The example of the use case taken from developments in cold rolling relates firstly to continuous pickling line/tandem cold rolling mills and is aimed at optimizing them with fully automatic technology. The range of available options include improving production planning or navigation-based process control for the operator. Here, the so-called product changes, the most challenging point in the continuous rolling process, were chosen first for optimization. With continuous rolling mills, endless strip is rolled, therefore when there is a strip change the mill does not stop, but rather it moves through the change normally at reduced rolling speed under rolling force and, in most cases, full reduction.
The challenges of strip and product changes during continuous rolling are the rapid shifts in the operating points. These are caused by an almost abrupt change in the strip properties and strip dimensions in the individual mill stands. Such changes, especially the significant ones, must be targeted as precisely as possible in order to ensure the plant‘s stability while at the same time satisfying the high demands regarding product quality parameters and productivity. Typical quality parameters include the strip flatness and the strip thickness tolerance. Therefore, the plant operator needs the greatest possible flexibility when selecting the product changes while at the same time ensuring stable rolling processes with high product quality.

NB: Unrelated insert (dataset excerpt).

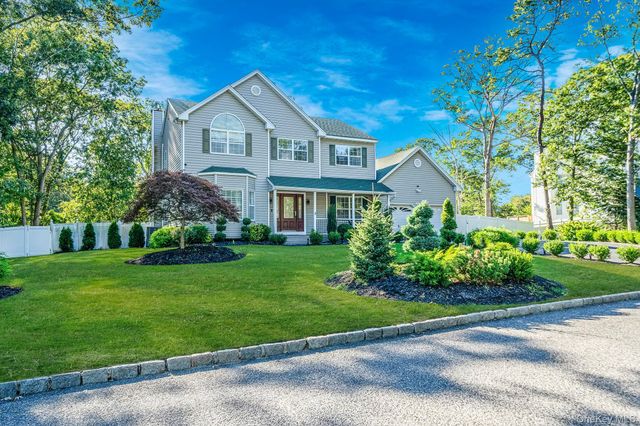 3 Embassy Road, Selden, NY 11784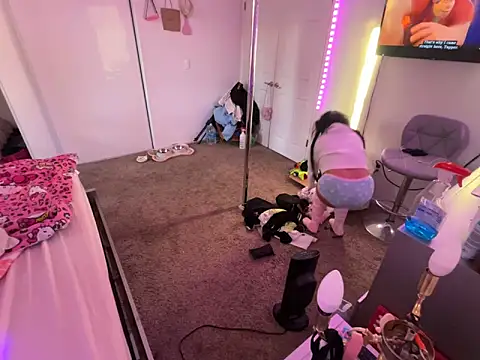 Onlypawzz online show from 25, 2, 2026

The entire automation system with all its setting options, for example manual operator interventions and the technological control systems (level 1) right up to the pass schedules from the physical process models (level 2), are divided into so-called technology clusters. These technology clusters correspond to the final product quality criteria. As such, there are technology categories for the strip flatness and strip thickness, among other things. Contrary to the current state of the art, the automation system therefore no longer operates with individual values, such as a manual bending change, or an additional value for CVC® shifting from the flatness control system. With this new approach, the clusters are organized centrally according to their technological allocation and are controlled by it.

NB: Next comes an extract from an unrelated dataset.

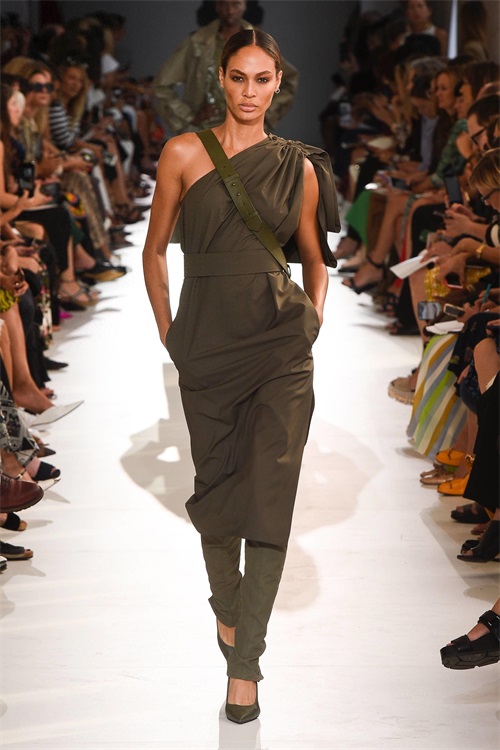 Max Mara 一个以创意及理想，成功建立时装王国的传奇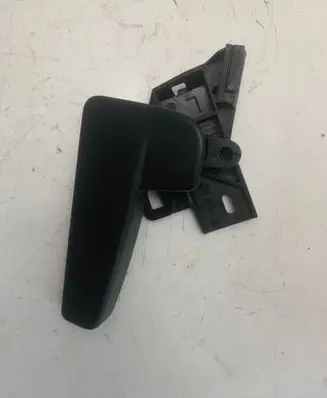 Volkswagen PASSAT B8 Engine bonnet (hood) release handle 6R1823533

Roadmap towards the learning tandem mill
The advantage of this step beyond the limits of the level 1 and level 2 systems is that interlinked and separately runnable structures can be mapped. In concrete terms, this means that unlike the current state of the art, the automation system does not require a fixed differentiation between the level 1 and level 2 systems. Both systems work in a closely connected and coordinated manner, thereby opening up a multitude of new technological possibilities.
The next step on the road to the Learning Tandem Mill is to take large amounts of data to develop an artificial intelligence that can take over higher-level control, i.e. over the technology clusters.
The basic idea behind this is: If a technologist can clearly find out from the data what technological mode of operation would have been the most expedient for a given product change, then this can also be calculated. The largely good accessibility of the available data means that this calculation can be done independently of the choice of technological strategy.
In this way, an expert system is developed as part of X-Pact® Superior Control, which automatically calculates the optimum strategy for all product changes, i.e. the optimum combined method of operation from the technology clusters such as flatness, thickness, etc. This expert system provides so-called „labels“, data that subsequently indicate the optimal strategy for a product change that has already been carried out. This look back at the past can now be done as often as needed based on mass data. The next step, therefore, is to supply digital AI systems that are used to provide a forecast for the optimal product change strategy.
As soon as the artificial intelligence provides a sufficient hit rate in its prediction, it generates added value in the form of an improved off-gauge length for strip flatness and thickness and increased product change stability. This is because the proposed strategy from the digital AI system can directly be coupled to the control of the technology clusters of level 1 and level 2 systems. Using mass data as a basis, these AI systems provide optimized strategies for level 1 and level 2 systems and implement the presets in real time for strip changes. The objective is thus to create a technologically self-optimizing plant that continuously enhances its product quality over its whole life cycle.